Innovative Munger Graduate Residences open
The new Munger Graduate Residences opened Aug. 1, 2015. The $150 million, approximately 380,000-square-foot building houses 630 graduate students in a unique high-density residential-academic arrangement. Students from 36 different countries and more than 70 graduate programs are represented in the new facility. It is located between Division and Thompson streets at Madison Street.
The vision for the facility and program was inspired by philanthropist and U-M alumnus Charles T. Munger, who provided a $110 million gift to fund construction of the residence hall and fellowships for graduate students. From concept to grand opening, the building was constructed over two-and-a-half years.
“The Munger Graduate Residences will provide our graduate and professional students with further opportunities to engage one another across different academic disciplines, backgrounds, and thought, while enriching their educational experience on our campus.”

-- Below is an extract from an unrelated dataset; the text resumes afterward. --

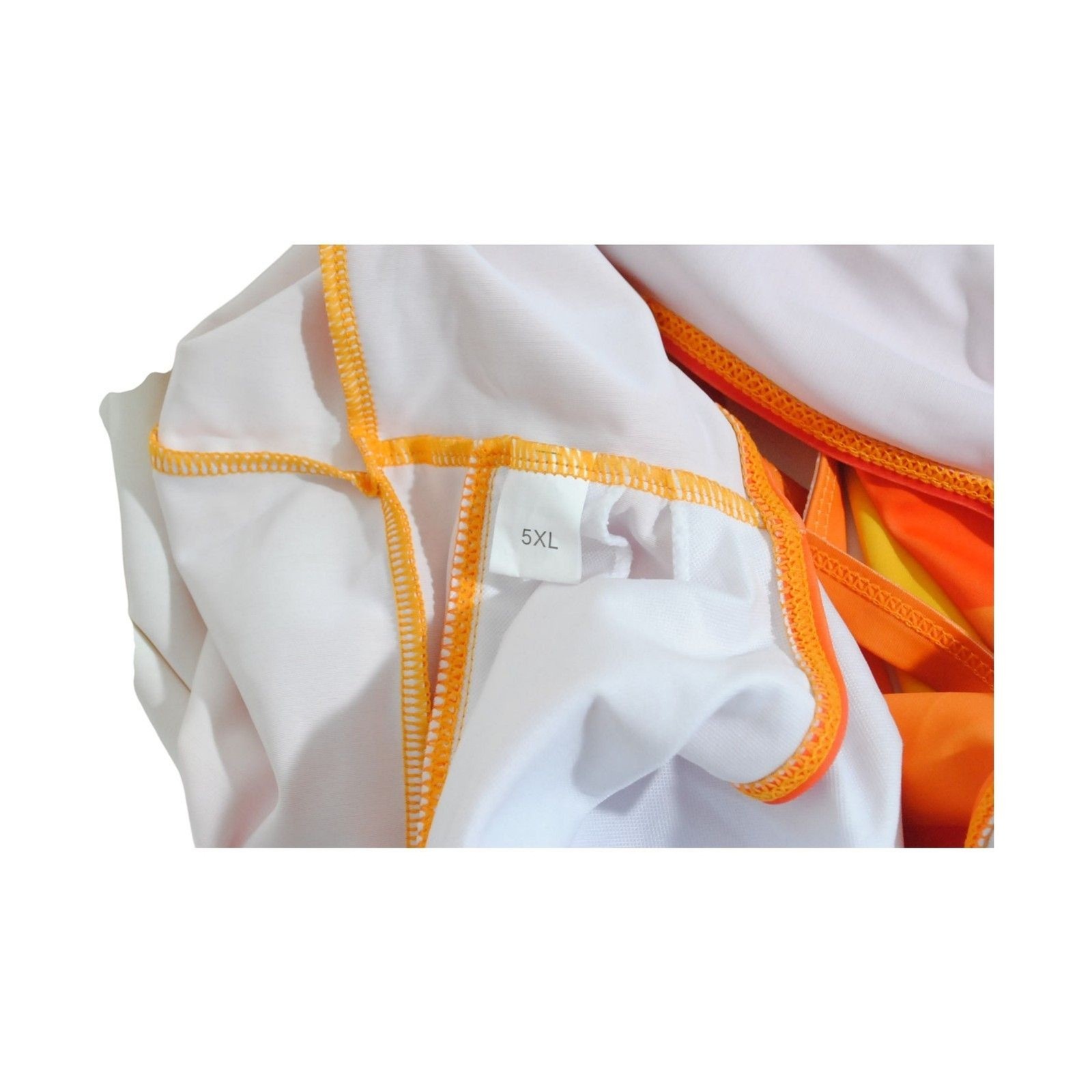 Plus Size 5XL Gradient Orange Yellow Swim dress Shorts Set Bunched Bust Padd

– Mark S. Schlissel, president of the University of Michigan
The residence hall is designed for a high level of diversity and interaction among graduate students studying across the university’s 19 schools and colleges. Combining high-quality living standards, attractive amenities and a pioneering design conducive to graduate-level studies, the facility provides opportunities for living and learning never before offered on the U-M campus.
As part of the building’s transdisciplinary vision, Munger residents live in suites with other graduate students drawn from multiple programs. By bringing together scholars with different approaches, the program aims to break up the traditional silos of graduate work and generate new ideas. Munger residents who live together in suites collaborate on goal-oriented projects to address real-world problems. They conclude projects by showcasing solutions through presentations, such as TED-style talks or case competitions. Upon project completion and graduation, the university will map where the Munger residents go and trace how they make a difference in the world.
The facility also achieved a Gold LEED certification for sustainability. It is the first residence hall on campus with this distinction. From the beginning of the project, energy-efficient materials and systems were built into the hall. Environment-friendly living includes recycling and waste reduction practices.